--- START ---

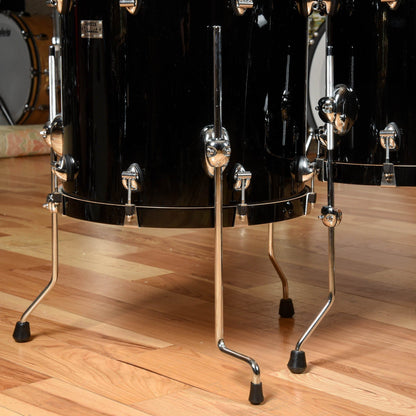 Ayotte Velvet 12/14/16/22 Piano Black Drums and Percussion / Acoustic Drums / Full Acoustic Kits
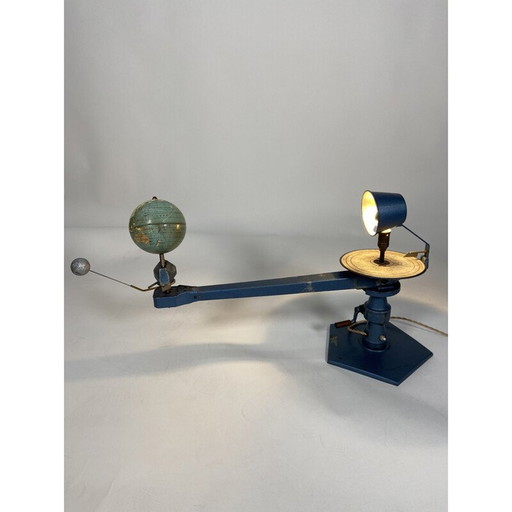 Vintage Planetarium lamp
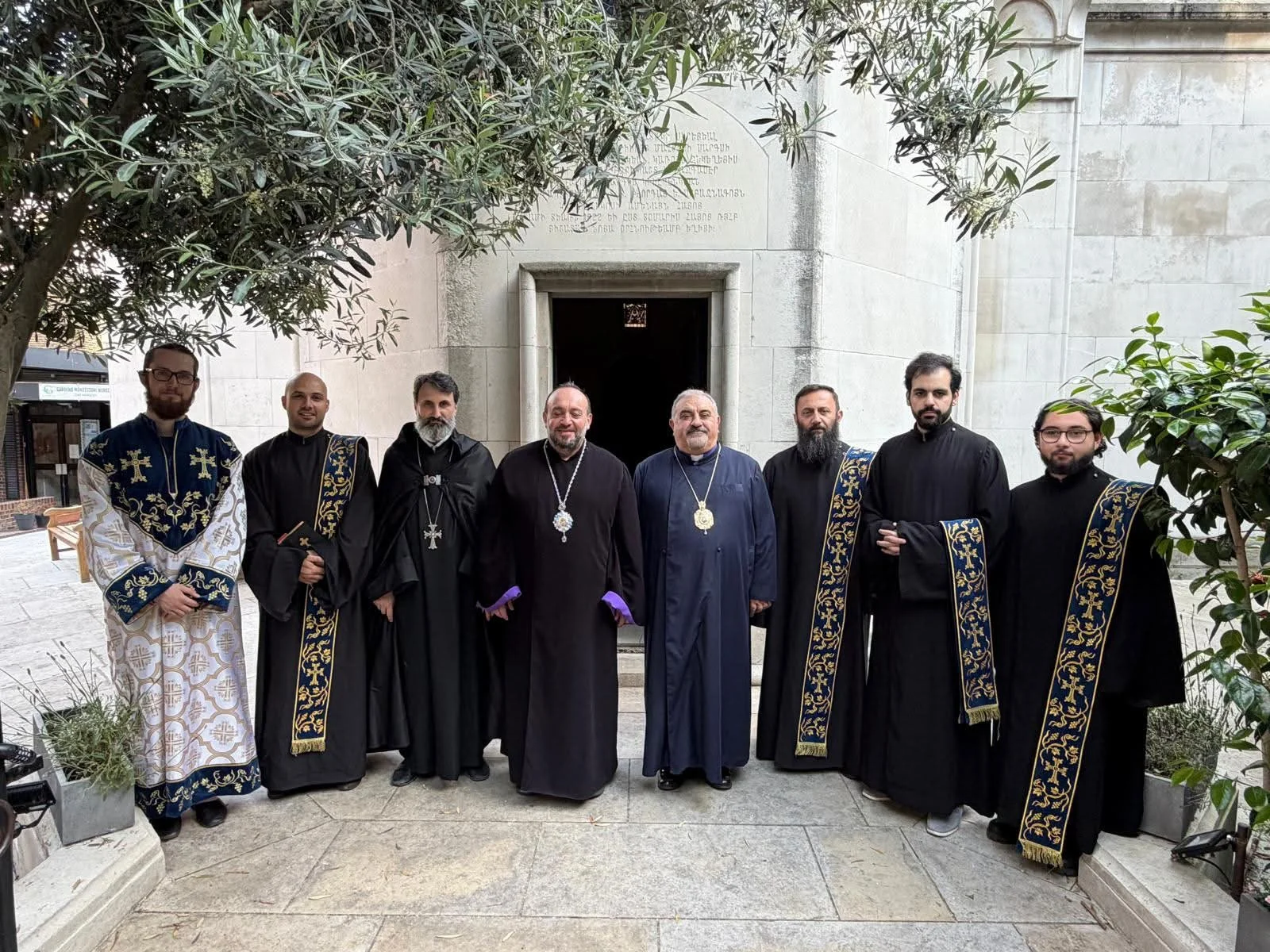Visit of His Grace Bishop Vahan Hovhannesian to the Diocese of the Armenian Church in the United Kingdom and Ireland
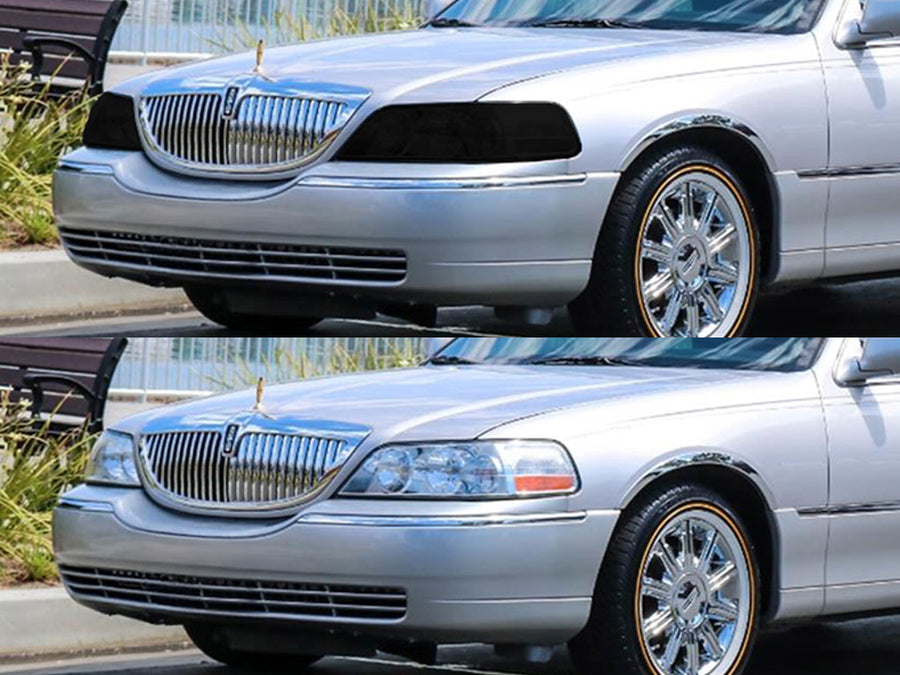 lincoln town car 2003-2011 Headlight Tint Appearance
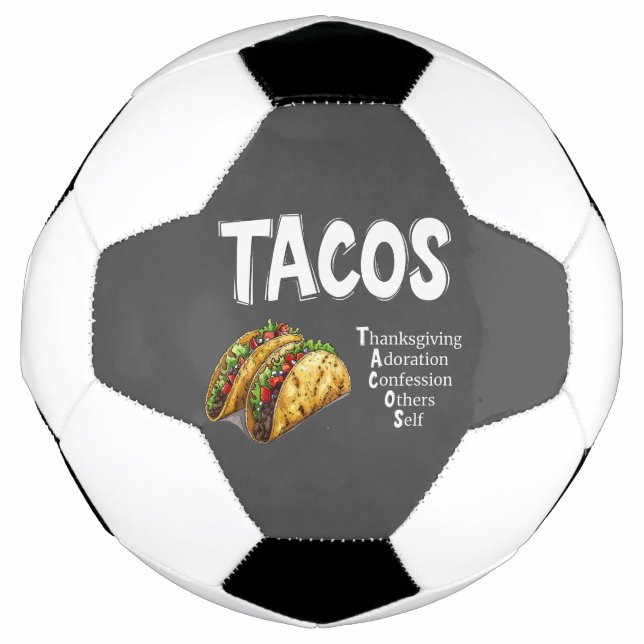 TACOS Gebet-Fußball Fußball (Vorderseite)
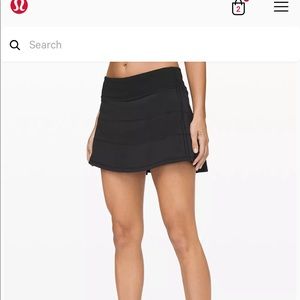 Lulu Lemon Skirt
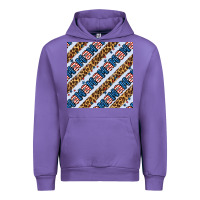 Tulip american mama leopard seamless pattern Urban Hoodie - BundleAndBundleShop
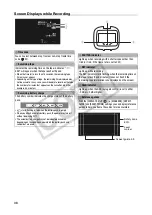 Предварительный просмотр 38 страницы Canon 2080B001 - XL H1S Camcorder Instruction Manual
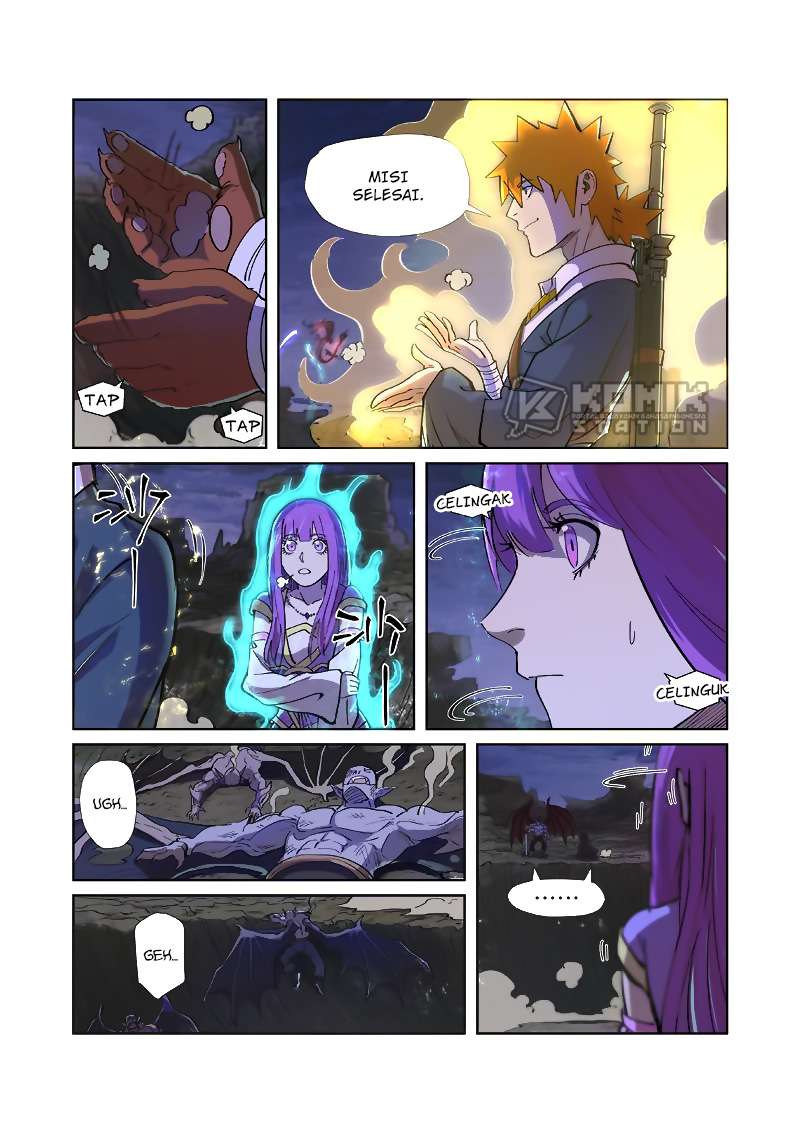 Tales of Demons and Gods Chapter 259 - halaman 8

--- END ---

Among the entries above, take the lines from the one with "Visit of His" through the one with "Lulu Lemon Skirt" and retype them exactly, leaving out the pictures.

Finished exercise:
Visit of His Grace Bishop Vahan Hovhannesian to the Diocese of the Armenian Church in the United Kingdom and Ireland
 lincoln town car 2003-2011 Headlight Tint Appearance
 TACOS Gebet-Fußball Fußball (Vorderseite)
 Lulu Lemon Skirt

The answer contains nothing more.